# Codeforces 862 C. Mahmoud and Ehab and the xor （技巧）

## Description

Mahmoud and Ehab are on the third stage of their adventures now. As you know, Dr. Evil likes sets. This time he won’t show them any set from his large collection, but will ask them to create a new set to replenish his beautiful collection of sets.

Dr. Evil has his favorite evil integer x. He asks Mahmoud and Ehab to find a set of n distinct non-negative integers such the bitwise-xor sum of the integers in it is exactly x. Dr. Evil doesn’t like big numbers, so any number in the set shouldn’t be greater than 10^6.

## Input

The only line contains two integers n and x (1 ≤ n ≤ 10^5, 0 ≤ x ≤ 10^5) — the number of elements in the set and the desired bitwise-xor, respectively.

## Output

If there is no such set, print “NO” (without quotes).

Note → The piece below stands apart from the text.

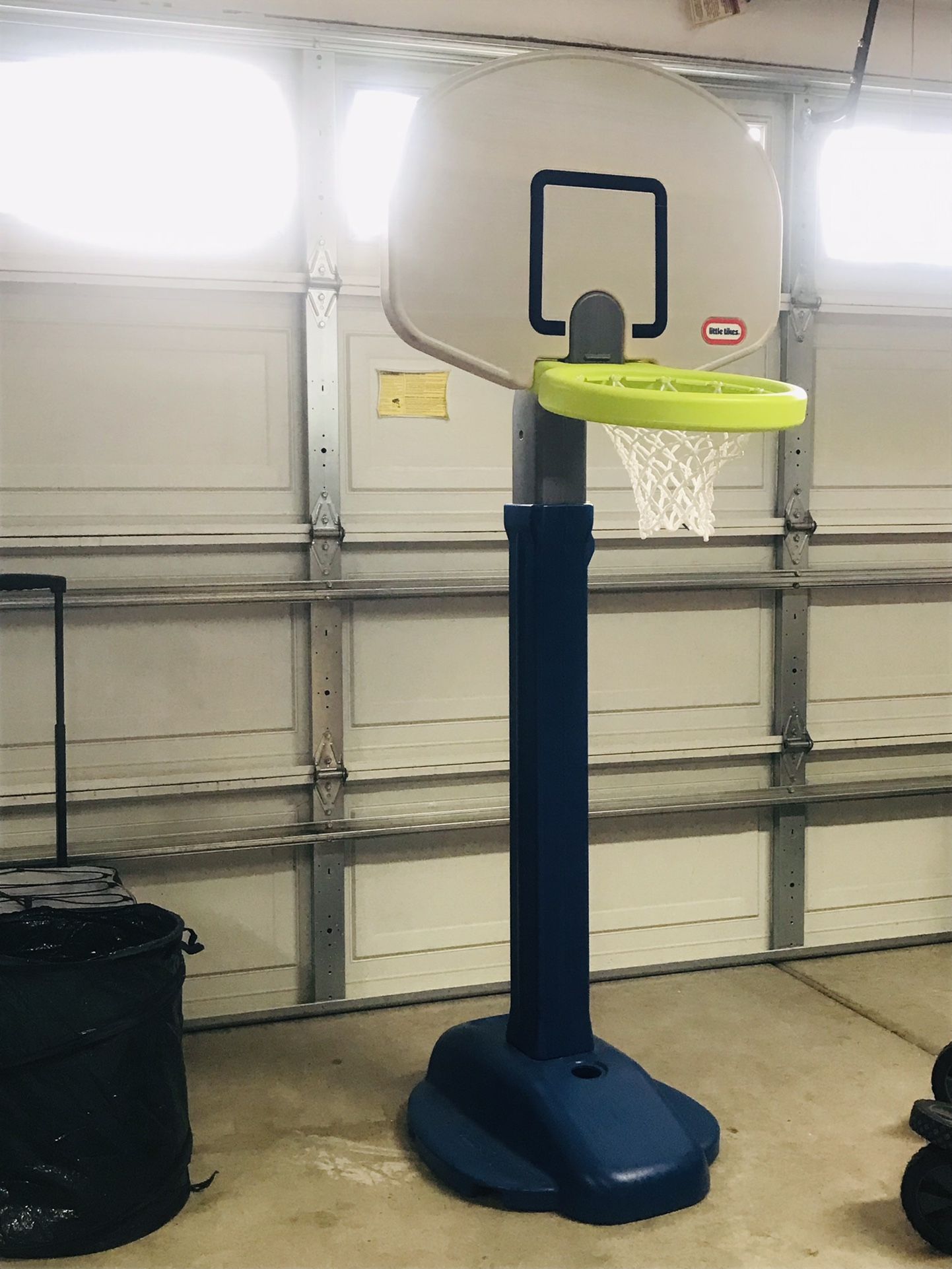 Kids Basketball hoop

Otherwise, on the first line print “YES” (without quotes) and on the second line print n distinct integers, denoting the elements in the set is any order. If there are multiple solutions you can print any of them.

## Examples input

5 5


## Examples output

YES
1 2 4 5 7


## AC 代码

#include <bits/stdc++.h>
using namespace std;
#define IO                       \
ios::sync_with_stdio(false); \
cin.tie(0);
typedef __int64 LL;
const int maxn = 1e5 + 10;
const int pr = 1 << 17;
int n, k;

void solve()
{
if (n < 3)
{
if (n == 1)
{
cout << k << endl;
}
else
{
cout << 0 << " " << k << endl;
}
return;
}
vector<int> ans;
LL cnt = 0;
for (int i = 1; i <= n - 3; i++)
{
cnt ^= i;
ans.push_back(i);
}
if (cnt == k)
{
ans.push_back(pr);
ans.push_back(pr << 1);
ans.push_back(pr ^ (pr << 1));
}
else
{
ans.push_back(0);
ans.push_back(pr);
ans.push_back(pr ^ k ^ cnt);
}
sort(ans.begin(), ans.end());
int len = ans.size();
for (int i = 0; i < len; i++)
{
cout << ans[i] << (i != len - 1 ? " " : "\n");
}
}

int main()
{
IO;
cin >> n >> k;
if (n == 2 && k == 0)
cout << "NO" << endl;
else
{
cout << "YES" << endl;
solve();
}
return 0;
}